Groove Capital's founding partner on maximizing the upside to investment risks.
Many people choose not to angel invest due to a fear of losing everything. It’s a fair concern; angel investing is risky, and one should not do it if they can’t afford the losses. But what if there was a way to invest where you couldn’t lose? What if you could zero out your chances of losing everything, leaving only the upside?
With the right strategy and mindset, I think that’s possible. Let me show you how.
In the following, you’re going to make a hypothetical $100,000 investment in a Minnesota-based technology company, and I’m going to show you how to get $100,000 in value from the process, regardless of the performance of your investment.
Before jumping into this exercise, there are a few caveats. First, if you only have $100,000 to invest, you need to spread it out—put $10,000 into 10 startups; portfolio strategy works. Secondly, angel investing is a team sport. Angels generally work together in groups to identify startups and founders who have a demonstrated ability to capture a compelling market opportunity. Now, back to your new investment.
Assuming you’ve invested in a qualified business that has been approved by the Minnesota Angel Tax Credit program, your $100,000 investment will net you a $25,000 tax credit in your annual state filing…$75,000 to go.

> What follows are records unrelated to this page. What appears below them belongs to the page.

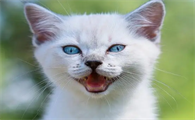 猫咪可以咬大腿吗为什么原因
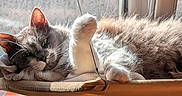Tiramisu a rejoint le concours — aidez-le/la à gagner de superbes lots ! animal, cat, cozy, ears, face, feline, fluffy_fur, gray_cat, hammock, indoor, paw, pet, relaxing, resting, sleepy, soft, sunlight, whiskers, white_paw, window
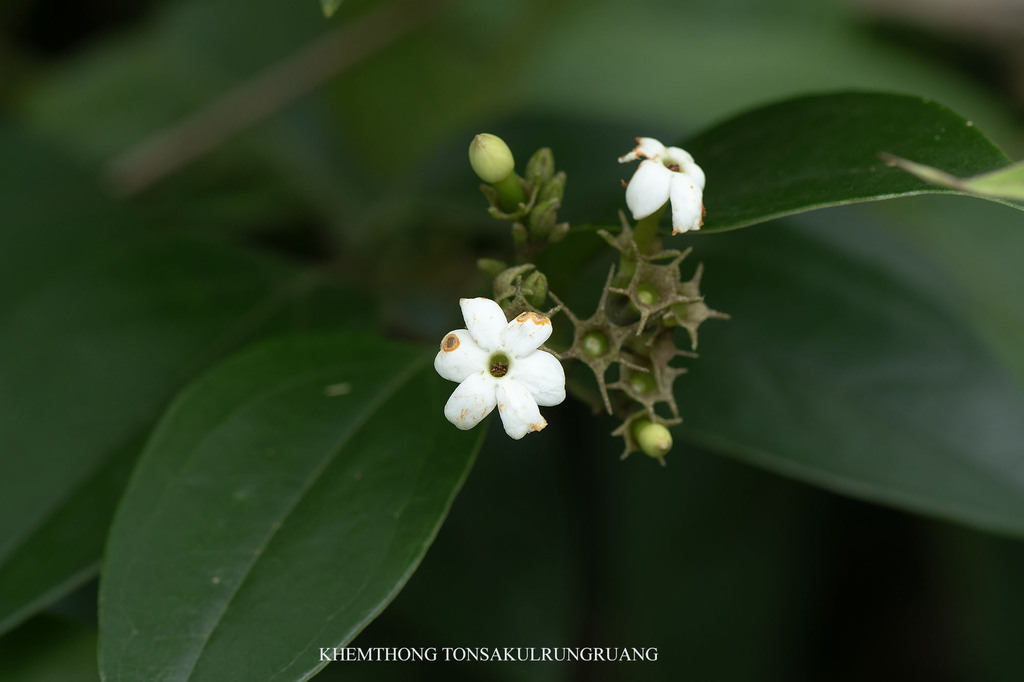 Jasminum decipiens (Jasminum decipiens)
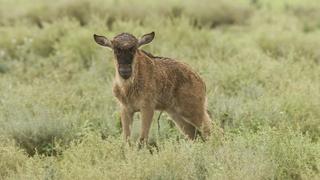 Saved by the Lioness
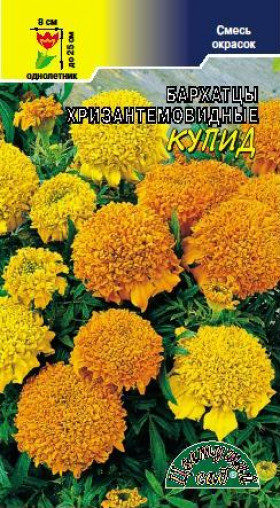 Купид хризантемовидные смесь Цветущий Сад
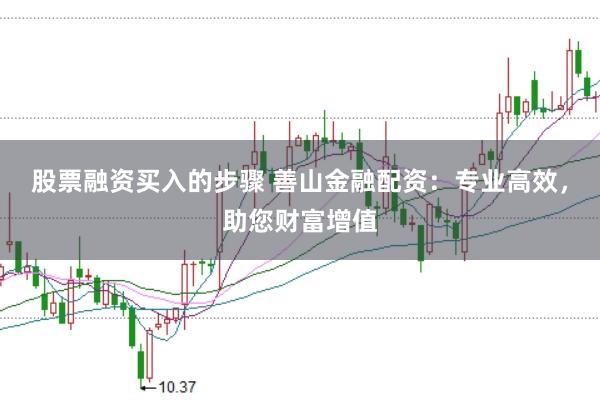 股票融资买入的步骤 善山金融配资：专业高效，助您财富增值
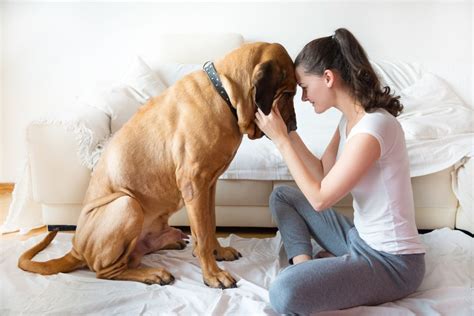 Can depression be treated with animals?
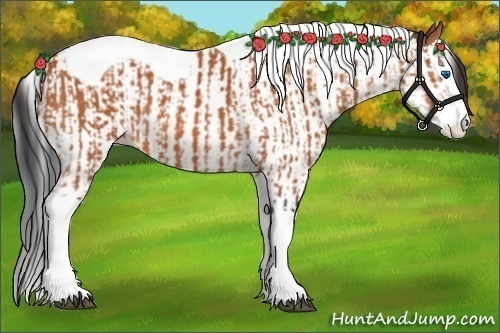 Horse Color:Bay Splash Tobiano  and Bay Splash Tobiano 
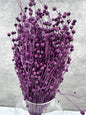 Lino Morado
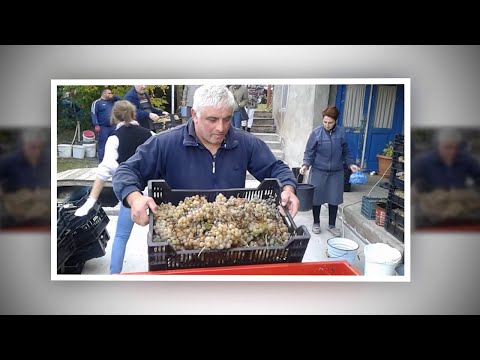 რთველი - 2021 (ასლანიშვილის მარანი)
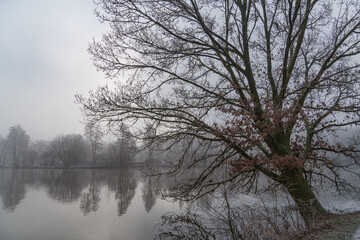 Frost und Nebel am See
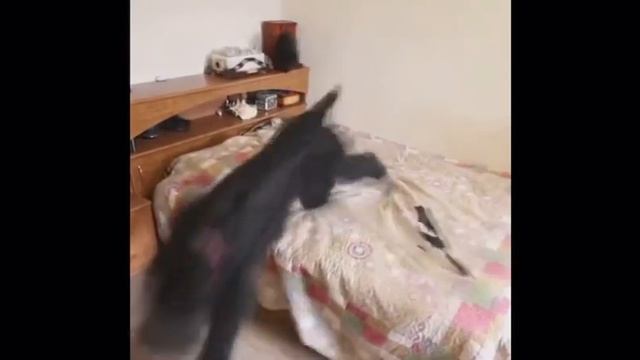 Сорока Дома Плюсы и Минусы смотреть онлайн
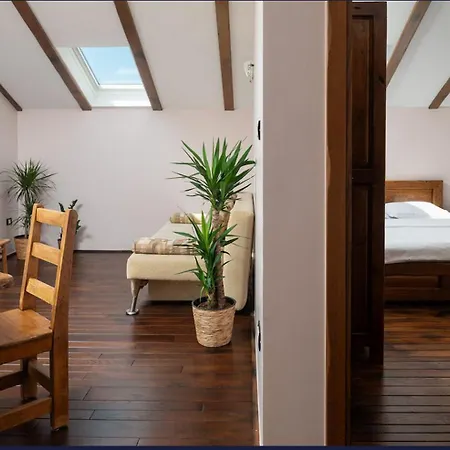 Super Villa In Zadar, Free Parking ザダル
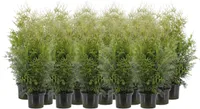HARILIK ELUPUU "BRABANT" 60-80CM POTT ALUSEL 20 TAIME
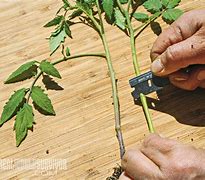 Image result for Siling Labuyo and Tomato Grafting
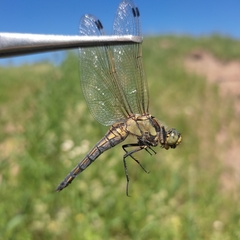 Orthetrum cancellatum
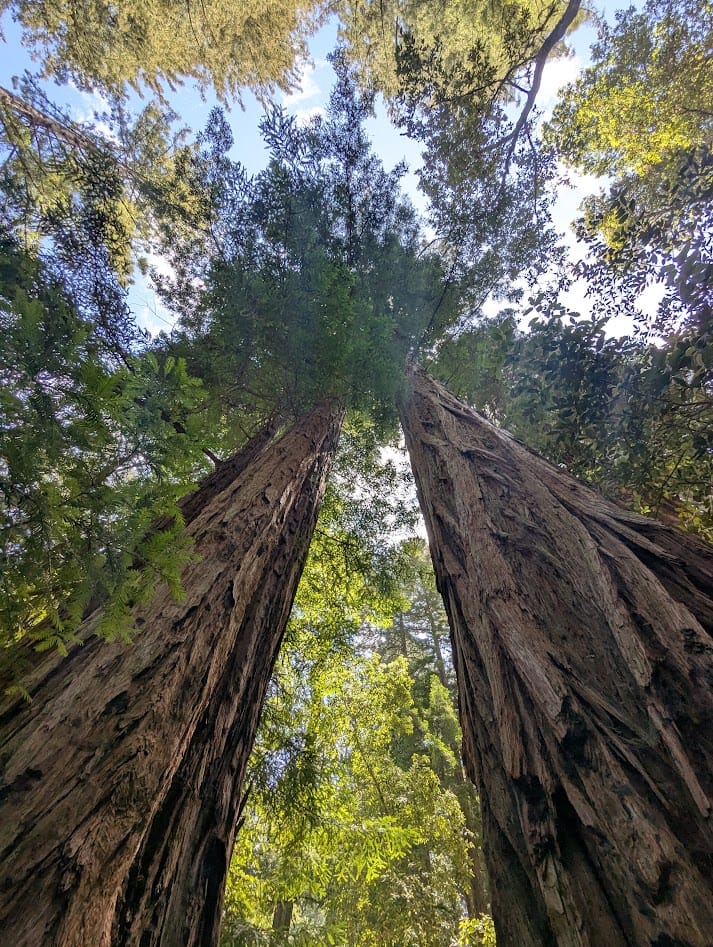 looking up at 2 massive redwood trees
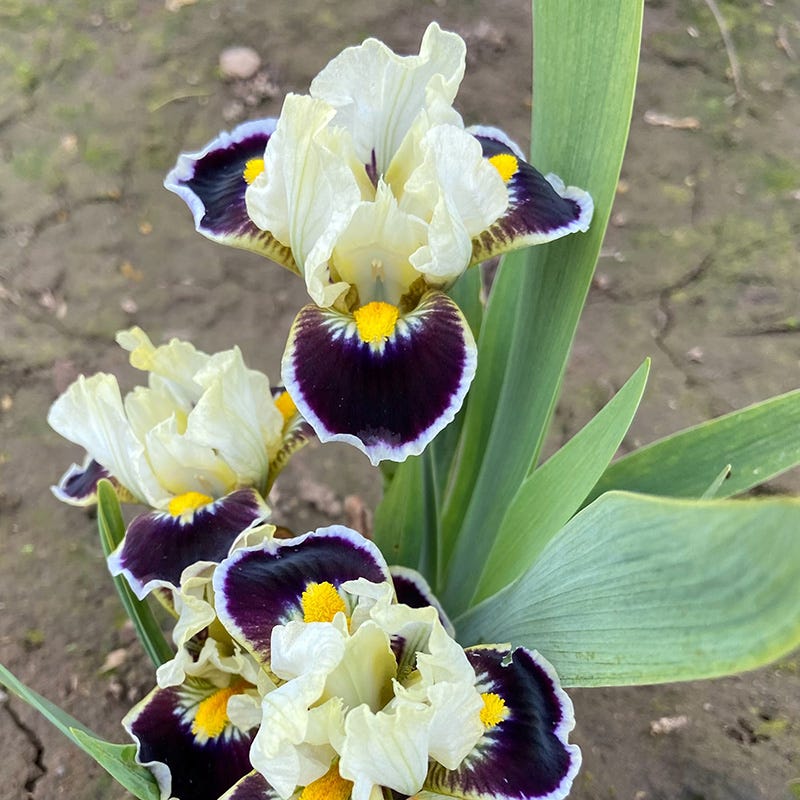 Dwarf Bearded Iris Bighorn - Thumbnail 3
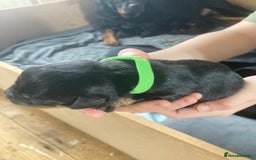 Rottweiler dogs for sale: Rottweiler  - Advert 22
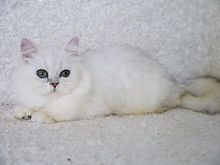 ขายลูกแมวชินชิล่า สีซิลเวอร์ เพศเมีย 3 เดือนกว่า รูปที่ 2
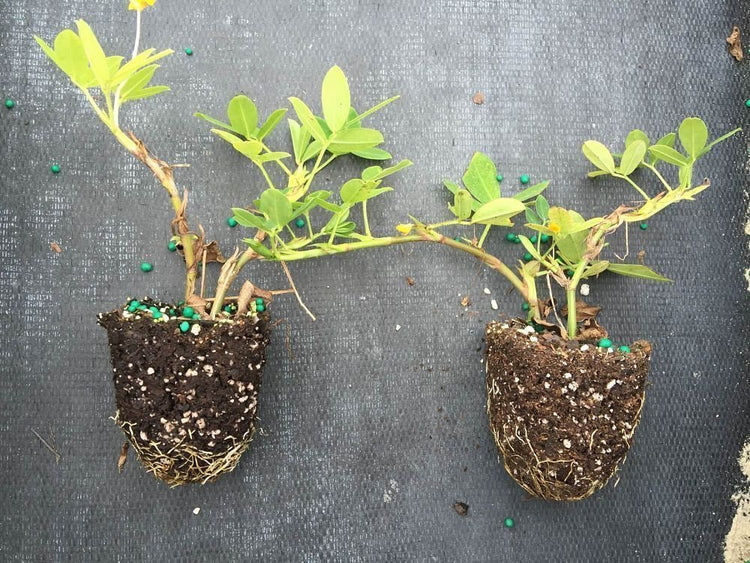 Ornamental Peanut Grass | 20 Live Fully Rooted Plants | Arachis Glabrata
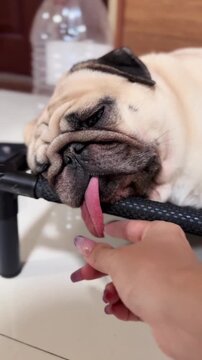 A cute pug dog licking a human finger while resting comfortably on a pet cot bed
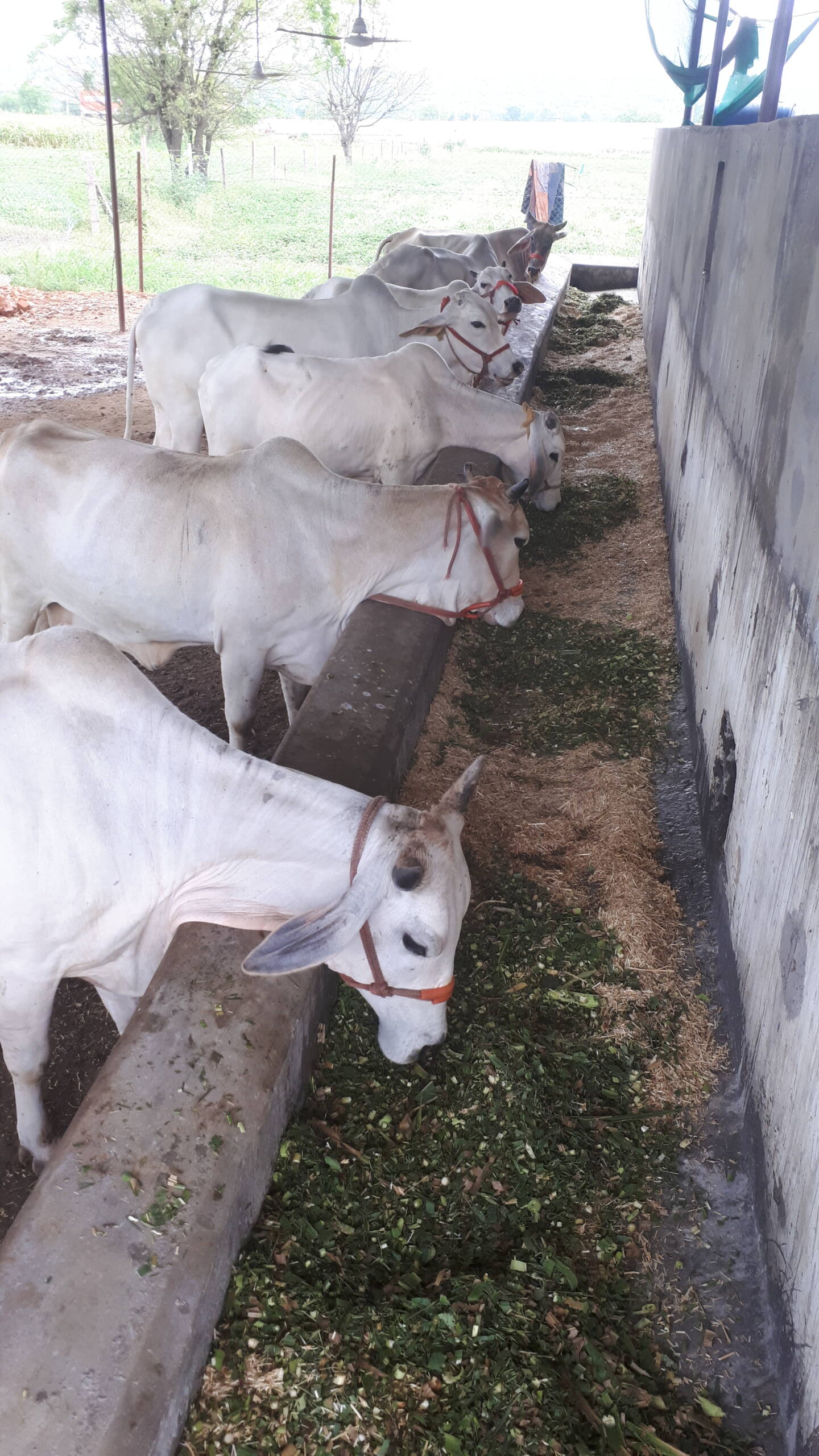Tharparkar cows being fed at the V-Desi farm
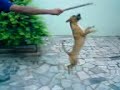 Tico (Ex-menino de rua)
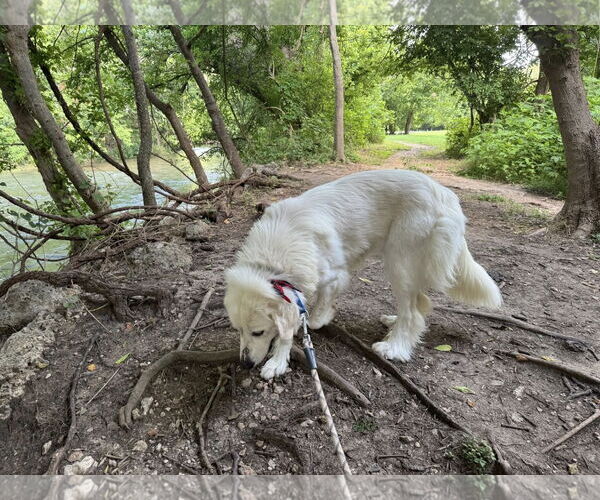 Medium Photo #5 Great Pyrenees Puppy For Sale in Houston, TX, USA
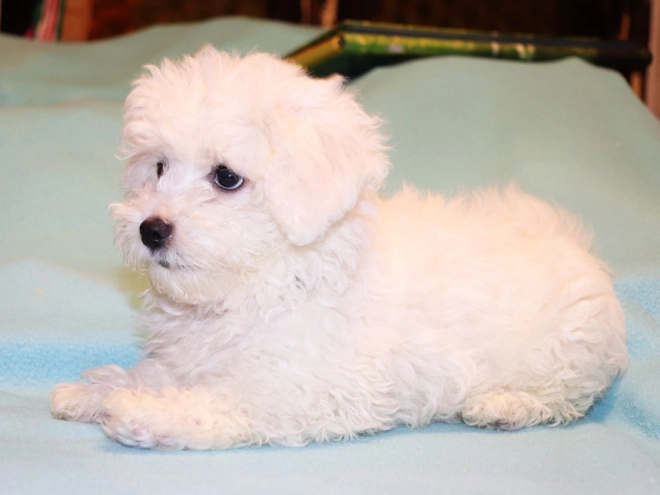 Bolognese puppy for sale
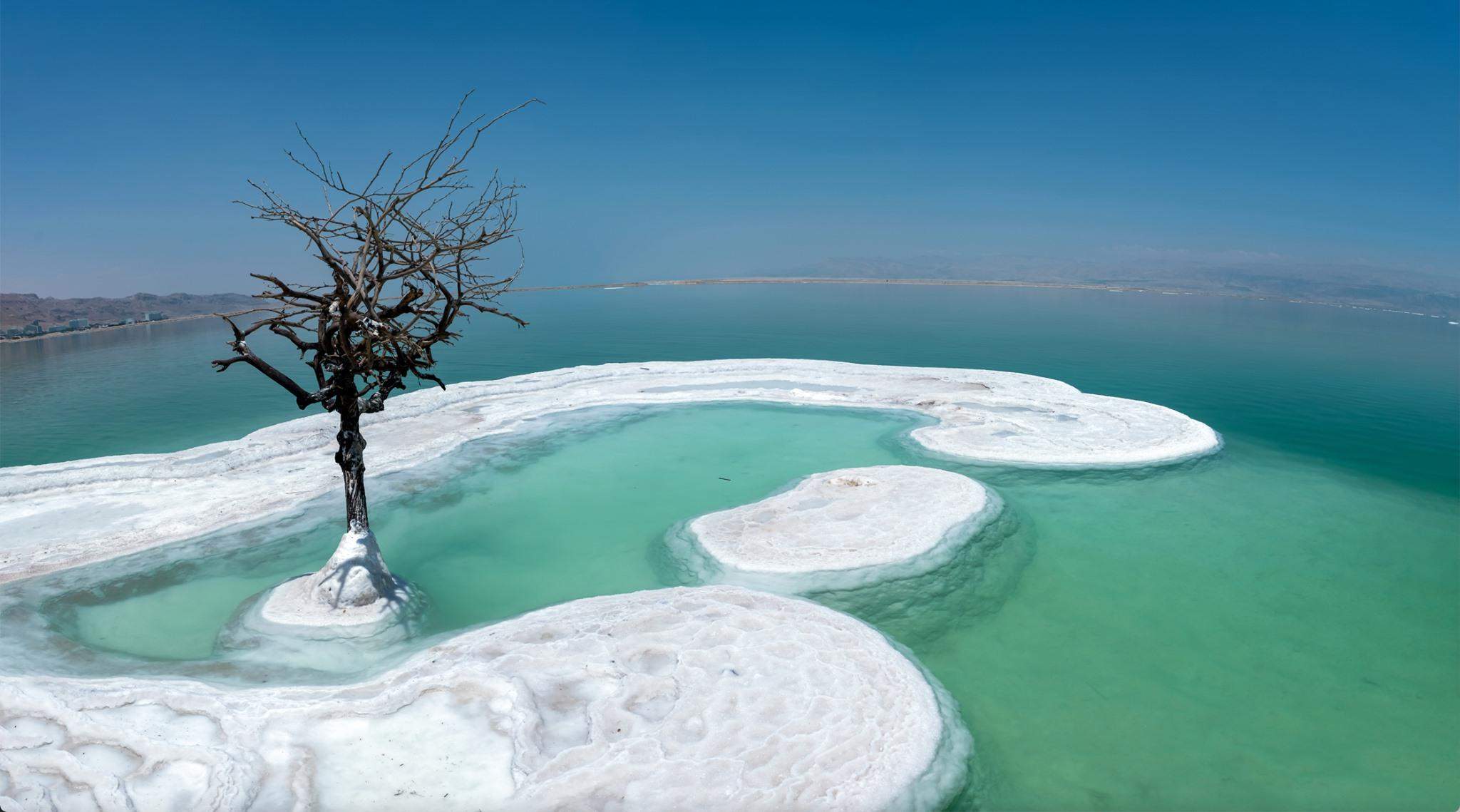 Эти деревья живут в соленой воде. Соляные острова в Мертвом море. Дерево в Мертвом море. Дерево посреди мертвого моря.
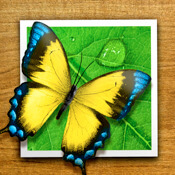 Обзор приложения Perfect Photo. Фото.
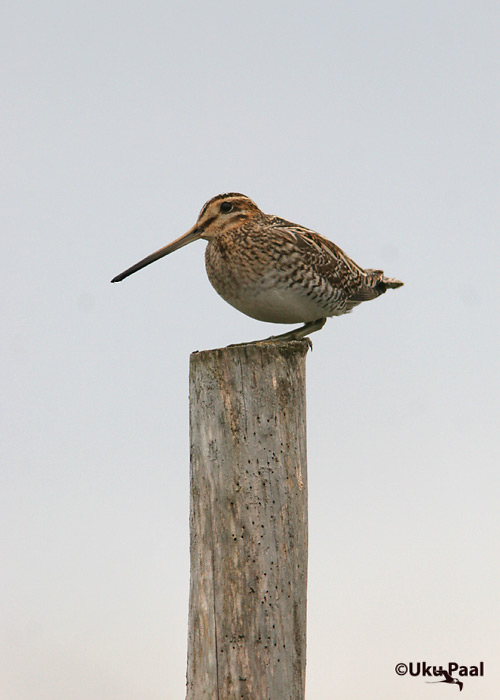 Tikutaja (Gallinago gallinago)
Kudani, Läänemaa, mai 2007
Keywords: common snipe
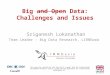 Big and Open Data: Challenges and Issues Sriganesh Lokanathan Team Leader – Big Data Research, LIRNEasia This work was carried out with the aid of a grant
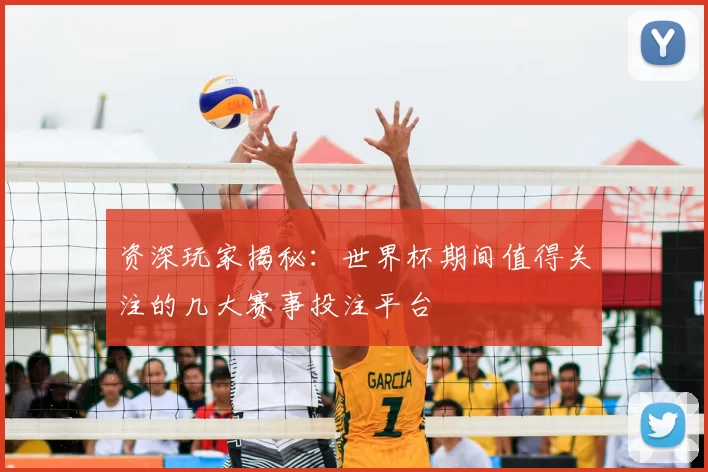 资深玩家揭秘:世界杯期间值得关注的几大赛事投注平台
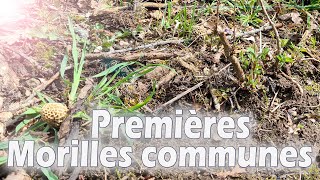 Morilles 2021 : Les premières morilles communes sont petites et peu nombreuses.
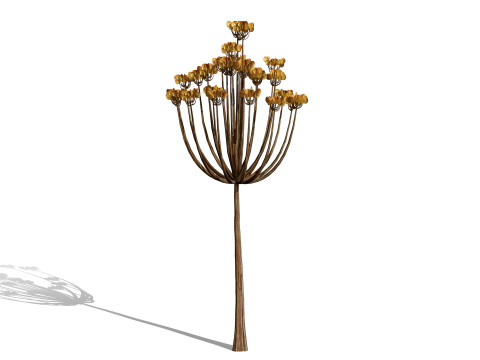 Photorealistic Moroccan Flora Collection 3D Модель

When you angel invest, you’re often doing it with other high net worth individuals; this may include fellow business owners, C-suite executives and successful entrepreneurs. This is especially true when you invest as a part of a group, like the Groove Investment Group. When movers and shakers get together amazing things can happen: business deals get done, tips on other investments are shared, and real value is generated for your business and/or personal finances. Give it time and you’ll receive $25,000 in value simply by putting yourself into a new stratosphere…$50,000 to go.
By the time we finish our formal education, much of what we learn is done on the job. Specialization leads to a rich understanding of a specific market, but it may also limit one’s exposure to emerging markets, models, and technologies. This next $25,000 chunk I would consider the cost of continuing education. Startups are messy and highly uncharted. As an angel investor, you may get asked to help the entrepreneur through things that neither of you know much about. Multiply this learning across your portfolio and you’ll end up with a PhD in market theory and survivability. Applying your newfound knowledge to your day-to-day work responsibilities and you’re looking at a measurable ROI…$25,000 to go.
This last $25,000 is a little squishy, but you really never know what type of impact your investment is going to create. Case in point, my failed startup resulted in a $25,000 loss to two local angels in 2013. That failure was the primary motivation for me to co-found BETA and Twin Cities Startup Week. Both organizations have either directly or indirectly created opportunities for the very same investors to invest in many other Minnesota-based startups, who have a leg-up, thanks in part to the resources created by those two organizations. What they lost ultimately paid dividends for them, and for this community.
And there we are, $100,000 in value. Congrats! By taking advantage of tax savings, investing in yourself, and leveraging your newly created network, you will have successfully removed the risk of losing everything, while leaving the most exciting part of startup investing—the upside!
Yes, this is a rosy view for something that has material risks involved. But the point is that, despite what your financial advisor may be telling you, angel investing is not a win or lose game. When you do it right, and when you do it with others, it’s less risky than you might think and abundantly fulfilling.